Mediziner warnt vor unendlichem Lockdown in Deutschland

Zudem besteht die Gefahr eines unendlichen Lockdowns, wenn die Politik den Grenzwert tatsächlich dauerhaft niedrig halten will. Weiterhin gibt der Medizin-Experte zu bedenken, dass es ungünstig ist, von einer "zweiten Corona-Welle" zu sprechen. "Es ist keine Welle, die man brechen kann, es ist ein kontinuierliches Anwachsen", so Schrappe, der von 2007 bis 2011 Vize-Chef des von der Bundesregierung berufenen Sachverständigenrats für Gesundheit war.
Kritik an Corona-Politik! "Es ist falsch, die Bevölkerung in Schrecken zu versetzen"

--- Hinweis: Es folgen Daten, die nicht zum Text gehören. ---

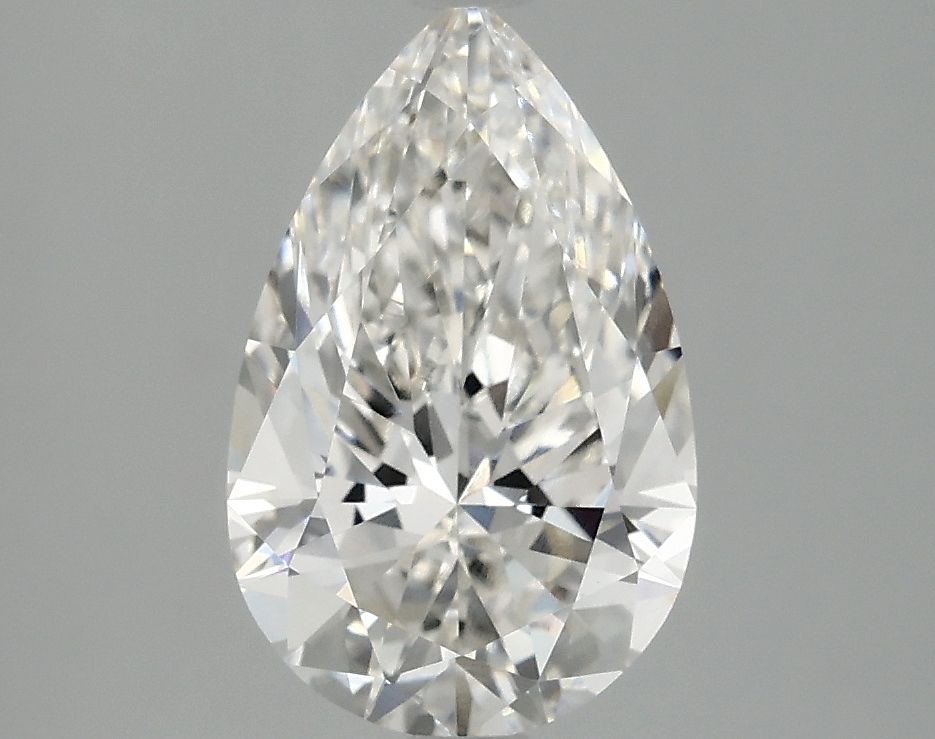 Lab Grown Diamond 2,09Ct F-VVS2 Pear - IGILG805648586 1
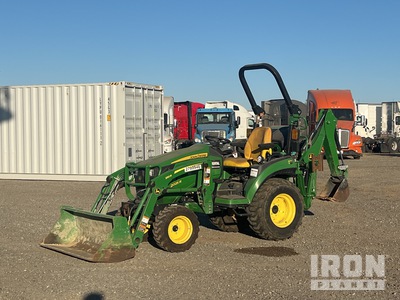 2020 John Deere 2025R Utility Tractor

Ein Lockdown bewirkt seiner Meinung nach jedes Mal nur ein kurzes Abflachen der Infektionsraten. Werden die Maßnahmen wieder gelockert, steigen die Zahlen wieder an. Auch einen Vergleich mit dem Massensterben in Bergamo, vor dem aktuell auch in Deutschland gewarnt wird, hält Schrappe für unangebracht und unangemessen, schließlich sei das Gesundheitssystem in Bergamo nicht mit dem deutschen zu vergleichen. "Es ist falsch, die Bevölkerung in Schrecken zu versetzen", bekräftigt Schrappe.
Mediziner appelliert: Fokus auf Schutz der Risikogruppen

In seinen Augen müsse man vor allem die Risikogruppen schützen. "Die stark gefährdete Risikogruppe setzt sich aus Menschen zusammen, die ein gewisses Alter haben, bestimmte Erkrankungen aufweisen und sich in Heimen, Betreuungseinrichtungen oder der ambulanten Pflege befinden". In seinen Augen eine "eine gut handhabbare Anzahl von Menschen", auf die man sich konzentrieren müsse.